→ Description of the task: Using the entries below, copy out all lines where "background" is found.

[Stored items from a collection]
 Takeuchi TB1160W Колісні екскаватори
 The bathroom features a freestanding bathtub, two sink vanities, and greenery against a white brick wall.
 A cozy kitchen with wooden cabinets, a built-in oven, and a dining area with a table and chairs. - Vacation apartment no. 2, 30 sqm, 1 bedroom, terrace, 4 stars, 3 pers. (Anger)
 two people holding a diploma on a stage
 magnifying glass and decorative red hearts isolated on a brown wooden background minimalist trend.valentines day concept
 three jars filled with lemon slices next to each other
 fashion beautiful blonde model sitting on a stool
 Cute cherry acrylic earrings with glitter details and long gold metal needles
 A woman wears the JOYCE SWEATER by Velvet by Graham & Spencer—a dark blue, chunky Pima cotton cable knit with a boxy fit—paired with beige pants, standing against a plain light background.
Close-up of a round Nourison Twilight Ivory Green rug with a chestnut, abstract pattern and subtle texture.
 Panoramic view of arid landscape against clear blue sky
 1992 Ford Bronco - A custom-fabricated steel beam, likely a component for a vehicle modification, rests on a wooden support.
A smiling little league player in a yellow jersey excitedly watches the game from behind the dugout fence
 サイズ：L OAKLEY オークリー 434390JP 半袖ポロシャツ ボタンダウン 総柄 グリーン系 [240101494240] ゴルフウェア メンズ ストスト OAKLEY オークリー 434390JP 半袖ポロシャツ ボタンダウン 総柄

→ Answer for this exercise:
 magnifying glass and decorative red hearts isolated on a brown wooden background minimalist trend.valentines day concept
 A woman wears the JOYCE SWEATER by Velvet by Graham & Spencer—a dark blue, chunky Pima cotton cable knit with a boxy fit—paired with beige pants, standing against a plain light background.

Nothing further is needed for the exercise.